Ob der reale Eckermann oder der erdichtete Famulus Wagner bei Goethe und
Faust, ob Papageno bei Mozart oder Sancho Pansa bei Don Quichotte: Sie
alle machen in ihrer menschlichen Durchschnittlichkeit die Größe derer
deutlicher, denen sie dienen oder nahe stehen. Sie ziehen den Spott
magisch an, laden ein zur Karikatur vor der Folie des Übermächtigen.
Christian Morgenstern notierte in seinem Tagebuch: "Nichts kann
mich mehr aufbringen, als wie allezeit hier und dort über den Eckermann
geredet wird. Immer ist ein halb mitleidiges Lächeln dabei". Man
definiert sich selbst durch die sichtbar gemachte Distanz zu ihm und
zitiert gern Goethe mit der rhetorischen Frage, ob man Hammer oder Amboß
sein wolle. Eckermann war der von Goethe "Geschlagene". Sein
Anteil war das Aufarbeiten, das Reagieren, sein Nachteil das Mitmachen
ohne Mitsteuern, sein Vorteil die einmalige, unwiederbringliche Nähe zu
einem großen Dichter, die seine Bücher unersetzliche Quellen werden
ließen. Im Alter hat Johann Peter Eckermann im Gedicht "Die
Heimath" den Lauf seines Lebens gedeutet: "Du siehst mich, wie
nach langer Fahrt ein Schiff, / So so, ganz gut, doch hie und da beschädigt.

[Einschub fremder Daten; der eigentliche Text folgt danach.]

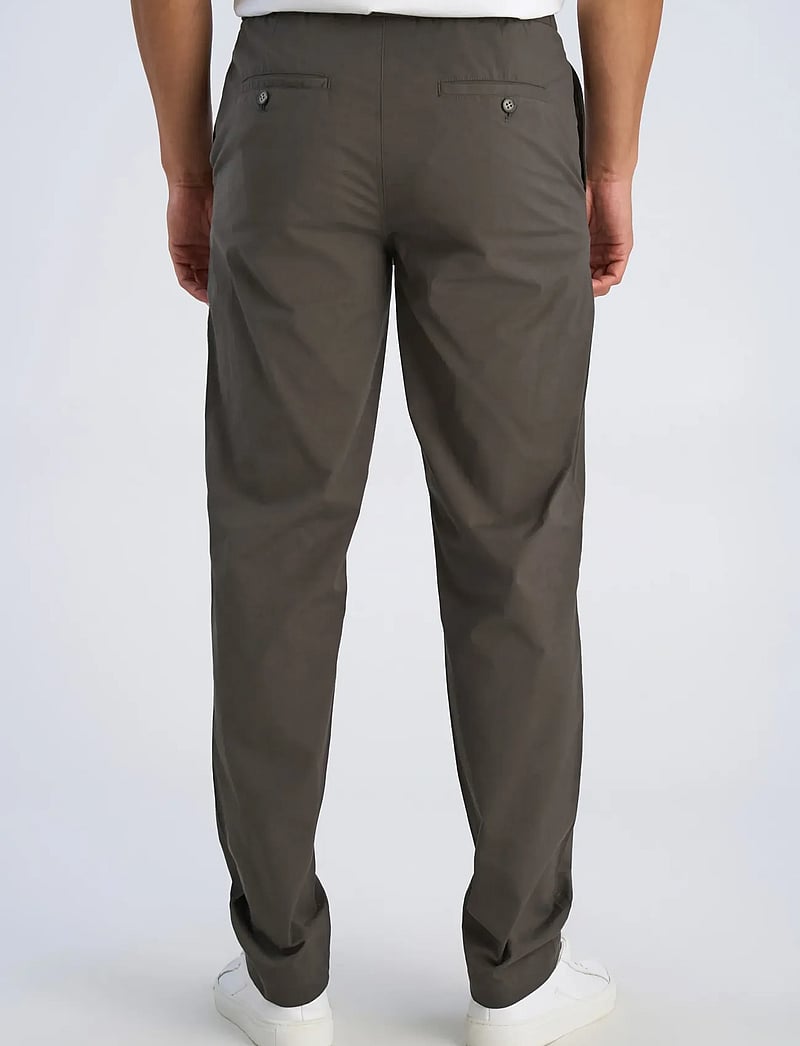 Lindbergh - Superflex paper touch pants - casual - dk army - 4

/ Bald war ich fest auf schnödem Sand und Riff, / Bald aller Not durch
günst´ge Flut entledigt. / Ergriffen bald von Stürmen rauh und wild,
/ Meeresstille dann. - Dies meines Lebens Bild."
Werke:
Gedichte.
(Selbstverlag), Hannover 1821.
Beyträge zur Poesie mit besonderer Hinweisung auf Goethe. Stuttgart
1824.
Gespräche mit Goethe in den letzten Jahren seines Lebens 1823 - 1832.
1. und 2.
Teil in einem Band, Leipzig 1836; Gespräche..., 3. Teil Magdeburg 1848.
Gedichte. Leipzig 1838.
Ausgewählte Gedichte. Winsen/Luhe 1992 (= Winsener Hefte. Literarische
Mosaiksteinchen).
Zu den besten derzeit lieferbaren Leseausgaben der "Gespräche mit
Goethe" gehören die des Deutschen Klassikerverlages (hrsg. von
Christoph Miches und Hans
Grüters) und des
Insel-Verlages (hrsg. von Fritz Bergemann).

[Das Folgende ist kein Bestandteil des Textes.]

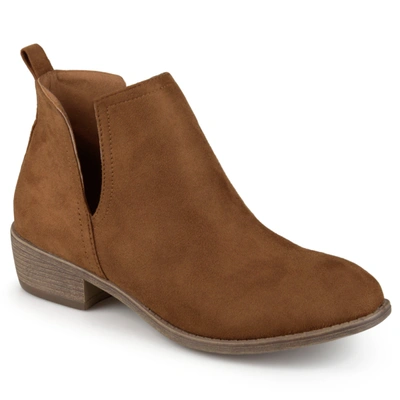 Journee Collection Collection Women's Wide Width Rimi Bootie In Brown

Über Johann Peter Eckermann:
Julius Petersen: Die Entstehung der Eckermannschen Gespräche und ihre Glaubwürdigkeit. Frankfurt a. M. 1925 (Neudruck: Hildesheim 1973).
Johann Peter Eckermann. Leben im Spannungsfeld Goethes. Hrsg. vom Goethe-Nationalmuseum. Weimar 1995.